HOW TO COMPLETE THIS TASK:
Every entry must be repeated exactly. Exclude all pictures.

SUPPLIED RECORDS:

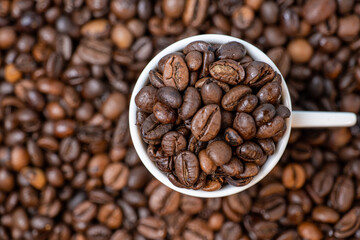 Fototapeta premium coffee beans close up and a cup full of coffee beans, top view
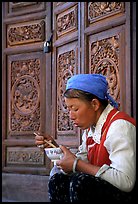 Bai woman eating from a bowl in front of carved wooden doors. Dali, Yunnan, China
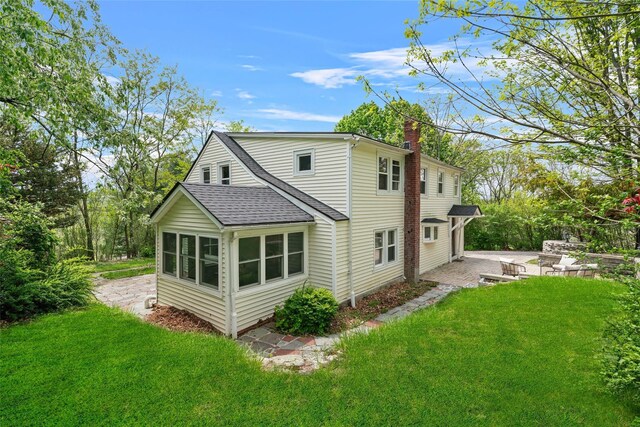 180-184 Pine Tree Rd, Monroe, NY 10950 - rear view of property with a patio, a shingled roof, a chimney, and a lawn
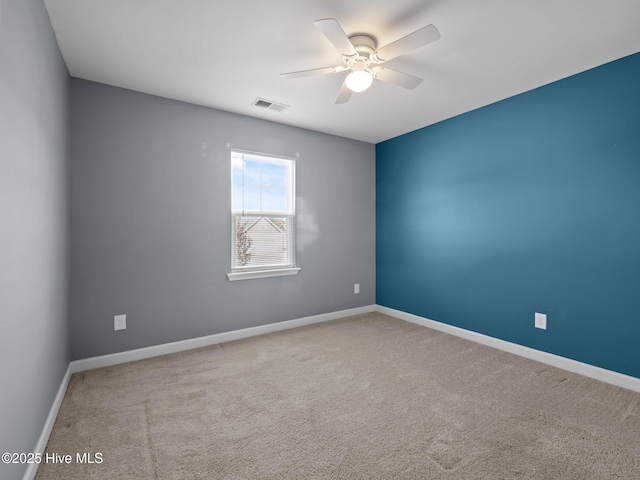 212 Peaceful Ln, Hubert, NC 28539 - spare room with carpet flooring, a ceiling fan, baseboards, and visible vents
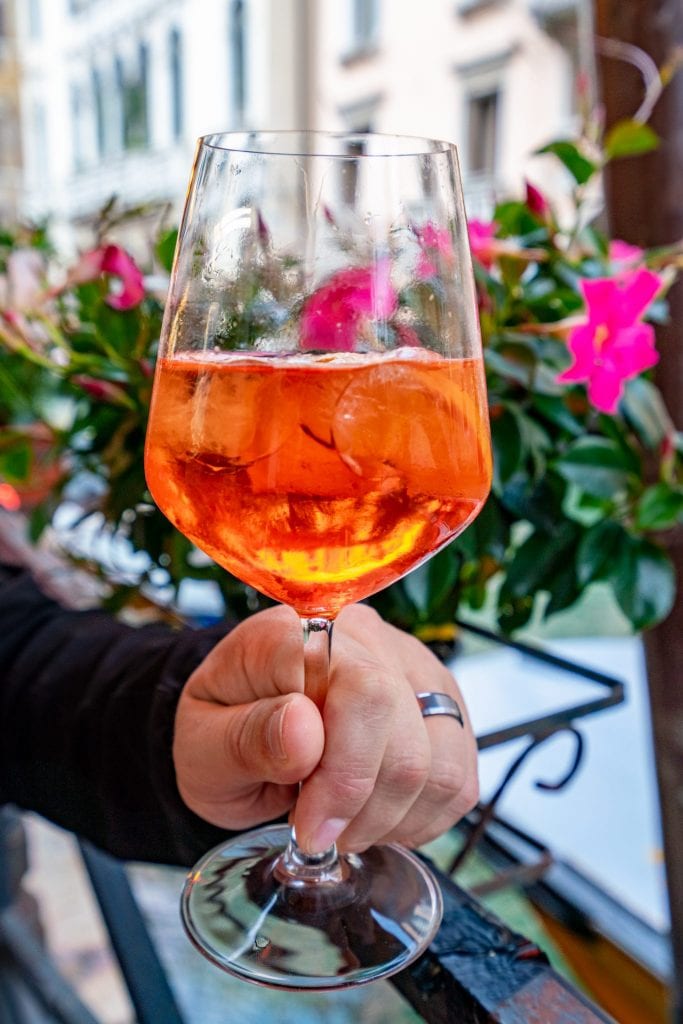 Nahaufnahme eines Aperol Spritz in Venedig, der vor rosafarbenen Blumen gehalten wird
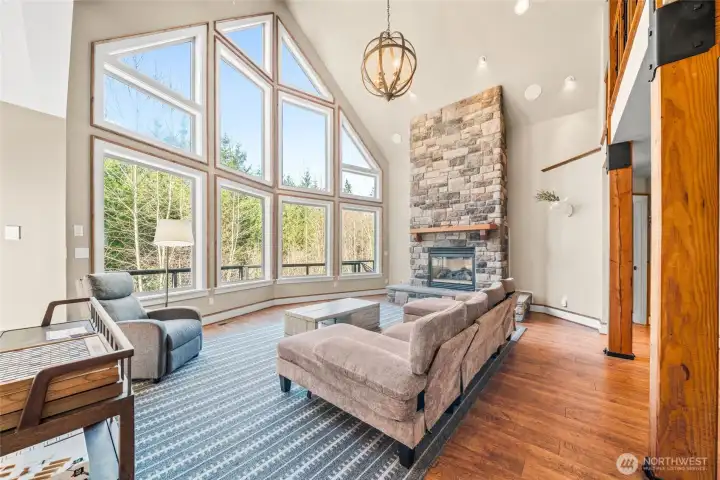 Floor to ceiling windows and stone fireplace. A beautiful space!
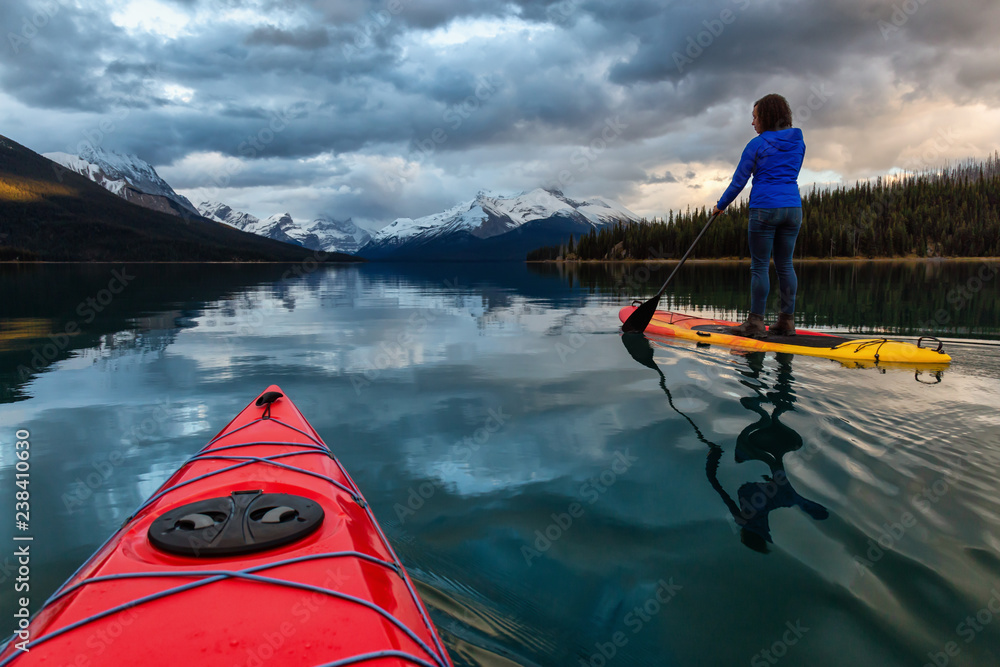 Kayaking in a peaceful and calm glacier lake during a vibrant cloudy sunset. Taken in Maligne Lake, Jasper National Park, Alberta, Canada. Kayaking in a peaceful and calm glacier lake during a vibrant cloudy sunset. Taken in Maligne Lake, Jasper National Park, Alberta, Canada.
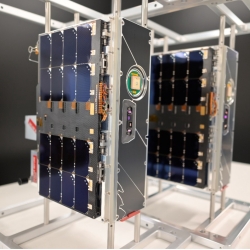 Two CubeSats (roughly 20 x 10 x 30 cm in size) are shown in a lab setting 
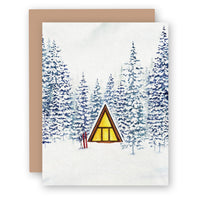 Greeting card showing watercolor winter scene with triangular cabin surrounded by snow-covered evergreen trees
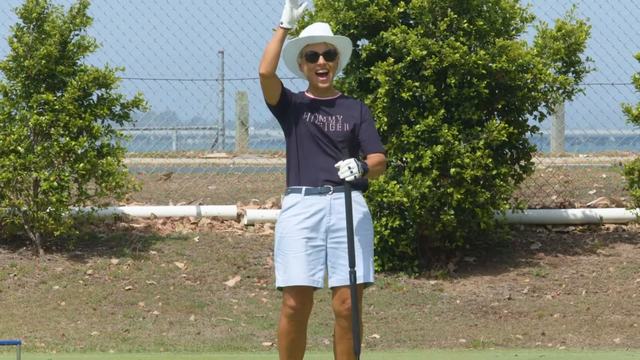 A player in a sun hat waving from the lawn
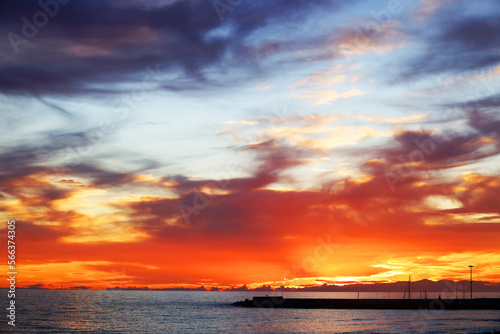 Sunset sky clouds over the sea in Apulia, Italy. Beautiful sunlight in the sea. Amazing nature landscape seascape Colorful sky clouds background.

TASK SOLUTION:
 Fototapeta premium coffee beans close up and a cup full of coffee beans, top view
 Bai woman eating from a bowl in front of carved wooden doors. Dali, Yunnan, China
 180-184 Pine Tree Rd, Monroe, NY 10950 - rear view of property with a patio, a shingled roof, a chimney, and a lawn
 212 Peaceful Ln, Hubert, NC 28539 - spare room with carpet flooring, a ceiling fan, baseboards, and visible vents
 Nahaufnahme eines Aperol Spritz in Venedig, der vor rosafarbenen Blumen gehalten wird
 Floor to ceiling windows and stone fireplace. A beautiful space!
 Kayaking in a peaceful and calm glacier lake during a vibrant cloudy sunset. Taken in Maligne Lake, Jasper National Park, Alberta, Canada. Kayaking in a peaceful and calm glacier lake during a vibrant cloudy sunset. Taken in Maligne Lake, Jasper National Park, Alberta, Canada.
 Two CubeSats (roughly 20 x 10 x 30 cm in size) are shown in a lab setting 
 Greeting card showing watercolor winter scene with triangular cabin surrounded by snow-covered evergreen trees
 A player in a sun hat waving from the lawn
 Sunset sky clouds over the sea in Apulia, Italy. Beautiful sunlight in the sea. Amazing nature landscape seascape Colorful sky clouds background.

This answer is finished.